Then you’ve got the other side, which is a direct threat to power, where you’re actually building parallel institutions, organizing. You’re not allowing neoliberals to lie to you anymore. You’re not giving them the respect that they don’t deserve anyway. You’re saying you’re the enemy and not allowing them to do this.
We’re at this point where these naive people will just vote for more progressives, and it’s fundamentally missing the entire dynamic. There’s a layer that this whole elective process doesn’t touch. It feels like nothing ever changes unless the elites decide it’s going to change. And then it changes, but it changes always to our detriment.
My understanding of modern monetary theory shows me that we can solve all these crises. We’re constantly told we just got to find a way to get the votes. But in the United States alone, as an example, we had the House, we had the Senate, we had the White House, and we were more feckless in power than we were when we were, quote unquote, fighting against Trump.
And the embrace of the neoliberal NATO approach to slicing the world into two by cutting off Russia, China, and the rest of the non neoliberal countries that aren’t willing to play ball. It’s death to the working class. The way they’ve approached this.
[00:42:23.210] – Fazi
I would say that’s pretty accurate description of where we’re at. It would be very naive to think that we live in democracies. I think we live in our oligarchies or plutocracies, where the system is entirely rigged. And not just the reasons I was saying earlier that the electoral system is rigged by big money as well. And you’ve got apparatuses within the state that are able to disempower even executive power now.
So even getting into government isn’t enough. I think Liz Truss shows in a way when you control the media, when you control the narrative, when you’re able to pressure even the most powerful governments in the world to toe the line, this is where we’re at. They pour huge amounts of money into skewing the electoral system. So that’s rigged itself by money.
But even if you were to find a way around that and somehow come into power, which is almost impossible to get into power without support money, that’s clearly the case for the US. But similar situation in other countries as well. Even if you found a way to bypass that, you would still find yourself under immense pressure from the so called deep state and from corporate media and from the technocratic institutions that actually run these countries, such as central banks and the big private banks and so on.
So, yeah, I think there’s no… It’s not helpful to close our eyes to reality. This is the reality of the countries that we live in. As I said, we live in a situation where power is more concentrated than ever. And so just focusing on the electoral cycles is very naive. And of course, I think the only way, or at least a precondition for managing to achieve anything is having strong mass support.
That would be crucial. Even if you were to get into government, you would be facing such massive powers unless you had huge public support, pressure would be just unbearable, I think. So you would need that kind of support to keep you going. I think that the extra parliamentary work, the extra electoral work that you were talking of is crucial.

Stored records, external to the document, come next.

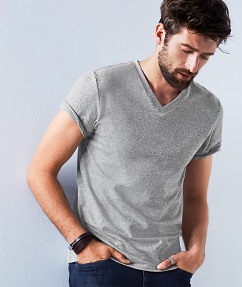 Pánská trička – od ležérních až po elegantní | TCHIBO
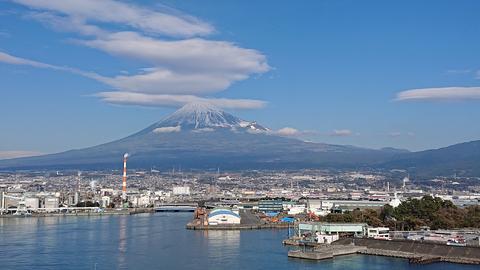 Mt Fuji and port Park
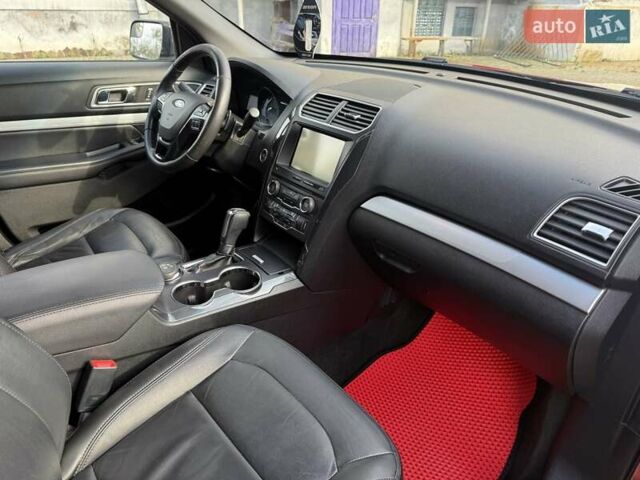 Красный Форд Эксплорер, объемом двигателя 3.5 л и пробегом 149 тыс. км за 15800 $, фото 12 на Automoto.ua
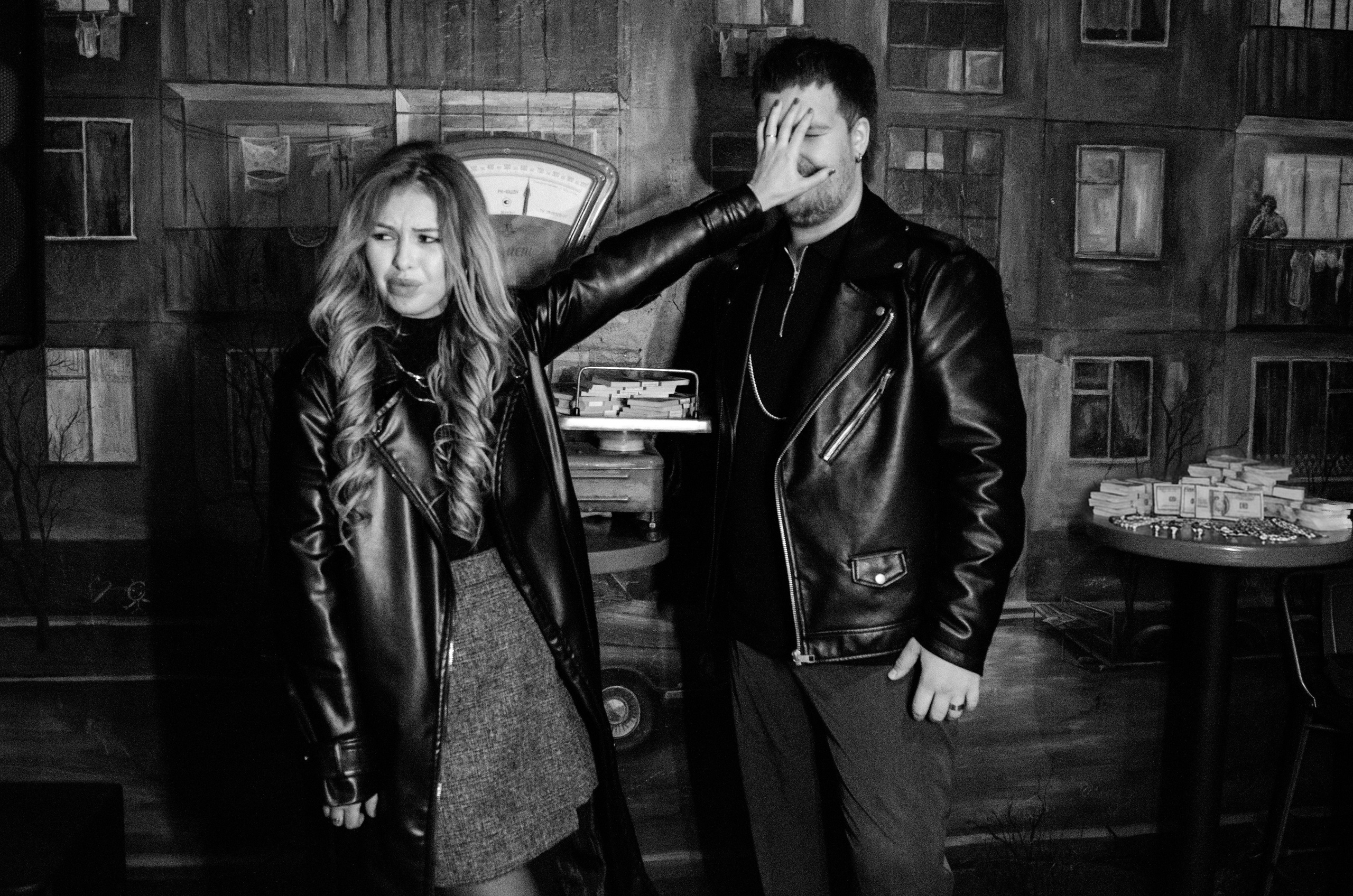 Съемка в стиле жены бандита. Фотографы в Тюмени Андрей и Лидия Войвод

Educating people about the reality of, for example, government spending is fundamental. It’s not sufficient, but it is a necessary precondition to be able to change anything. Otherwise you’ll find yourself in situations such as the one in the UK, where most of the electorate is now convinced that austerity is needed because that’s what they’ve been telling them.
And so you’ve got people that actually now openly embrace and support measures that are completely against their interests because they’ve been told there’s no alternative. So I think that kind of educational work, which is what course we’ve all been trying to do for years, I think with success, I think is incredibly important.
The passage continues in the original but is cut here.